Não foi só de operações invisíveis que se fez o sucesso da segurança na Jornada Mundial da Juventude (JMJ). «Foi assegurado um policiamento de saturação e grande visibilidade policial na cidade de Lisboa, de forma a prevenir a prática de crimes e simultaneamente impactar positivamente no sentimento de segurança subjetiva de todos os que se encontrem na cidade de Lisboa, independentemente dos seus motivos», disse.

Uma das grandes preocupações passava pelo elevado número de carteiristas internacionais, referenciados por polícias internacionais, tendo 89 sido seguidos, acabando oito por ser detidos. Houve abordagens preventivas e 22 suspeitos foram identificados. «Esta terá sido a maior operação policial em que a PSP foi chamada a fazer o maior numero de acompanhamentos de veículos de transportes de pessoas e entidades, para os locais dos eventos», diz Pedro Moura, que não se cansa de elogiar todos os envolvidos, dando até conta «que os alunos dos dois estabelecimentos de ensino da PSP, Escola Prática de Polícia, situada em Torres Novas e do Instituto de Ciências Policiais e Segurança Interna, em Lisboa, foram uma peça chave na visibilidade que deram nos policiamentos aos trajetos de Sua Santidade e com especial relevo, para os cerca de 800 alunos de Torres Novas, que fizeram todos os dias o trajeto de e para Lisboa, em cerca de 20 autocarros acompanhados por batedores da PSP, sem que houvesse incidentes de maior».
Mas o melhor é mesmo dar a palavra ao superintendente Pedro Moura.

Comecemos então pelas operações invisíveis. Dizem-me que as vossas principais preocupações era que não acontecesse nada aos peregrinos. Houve alguma situações caóticas nas gares ferroviárias, nomeadamente em Belém.

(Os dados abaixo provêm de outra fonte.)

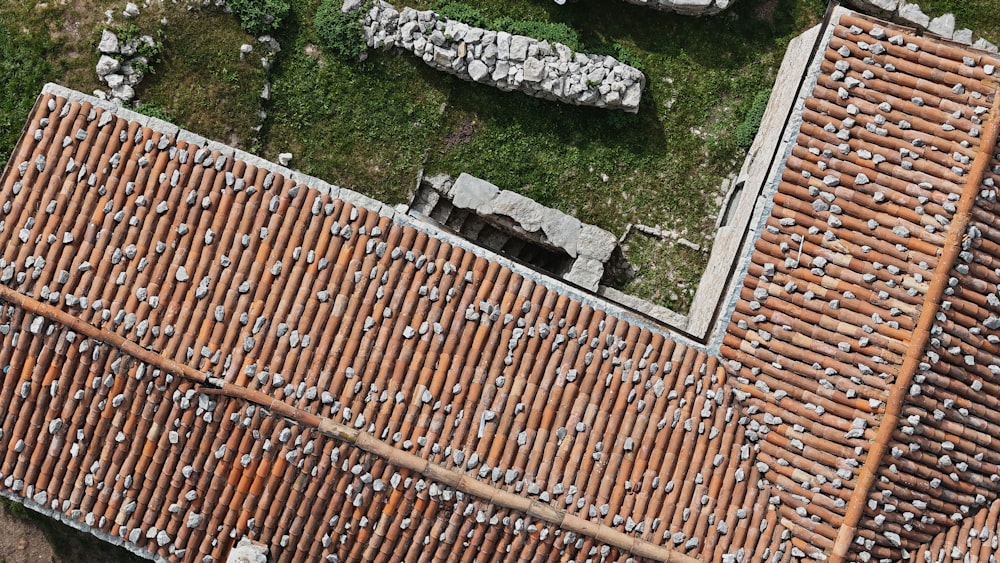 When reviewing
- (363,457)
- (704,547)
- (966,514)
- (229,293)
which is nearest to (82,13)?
(229,293)

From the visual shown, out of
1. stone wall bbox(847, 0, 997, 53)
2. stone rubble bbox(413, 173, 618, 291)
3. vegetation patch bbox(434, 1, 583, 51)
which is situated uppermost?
stone wall bbox(847, 0, 997, 53)

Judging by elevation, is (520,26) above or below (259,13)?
above

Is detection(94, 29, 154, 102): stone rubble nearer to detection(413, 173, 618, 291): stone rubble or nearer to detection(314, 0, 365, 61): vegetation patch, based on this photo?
detection(314, 0, 365, 61): vegetation patch

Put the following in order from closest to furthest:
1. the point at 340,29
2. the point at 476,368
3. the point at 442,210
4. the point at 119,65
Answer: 1. the point at 476,368
2. the point at 119,65
3. the point at 340,29
4. the point at 442,210

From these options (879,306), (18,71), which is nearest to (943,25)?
(879,306)

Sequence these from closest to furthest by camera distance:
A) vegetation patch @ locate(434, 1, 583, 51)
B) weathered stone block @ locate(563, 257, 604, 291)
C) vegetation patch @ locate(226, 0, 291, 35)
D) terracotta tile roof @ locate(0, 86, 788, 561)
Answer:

Fizemos duas coisas: em termos das movimentações dos peregrinos, tendo em consideração o parque de estacionamento dos autocarros, foram definidos com o Grupo de Projeto do Dr. Sá Fernandes, os fluxos pedonais destes parques até aos locais dos eventos do Parque Eduardo VII e no Parque Tejo. E esses fluxos pedonais foram policiados e havia ordens para, se necessário, fazer o corte total do trânsito. Deixámos fluir as pessoas pelo passeio até dar. Quando começava a haver muitos peregrinos a passarem para a via pública, o trânsito era fechado. Depois, nos transportes públicos, quer na estação do Oriente, como nas estações de Metro, junto aos locais do recinto, no Parque Eduardo VII, quer depois em baixo, em Algés, quer na linha de Cascais, a Divisão de Segurança a Transportes Públicos também foi muito reforçada, porque já sabíamos que ia haver um afluxo enorme de peregrinos nos transportes públicos. Foram aqueles que adquiriram o pacote da JMJ com o transporte incluído – eram à volta de 300 mil. No primeiro dia fomos surpreendidos pelo número muito elevado pois estávamos a pensar fazer um policiamento normal, embora com a experiência dos jogos de futebol, do Benfica ou do Sporting, onde também a parte do Metro é muito solicitada. Mas, depois, no segundo dia, ajustámos o policiamento com um balanceamento dos peregrinos nas estações, e de cortes mesmo de interdição momentânea para que a pressão em cima das plataformas não fosse tão forte.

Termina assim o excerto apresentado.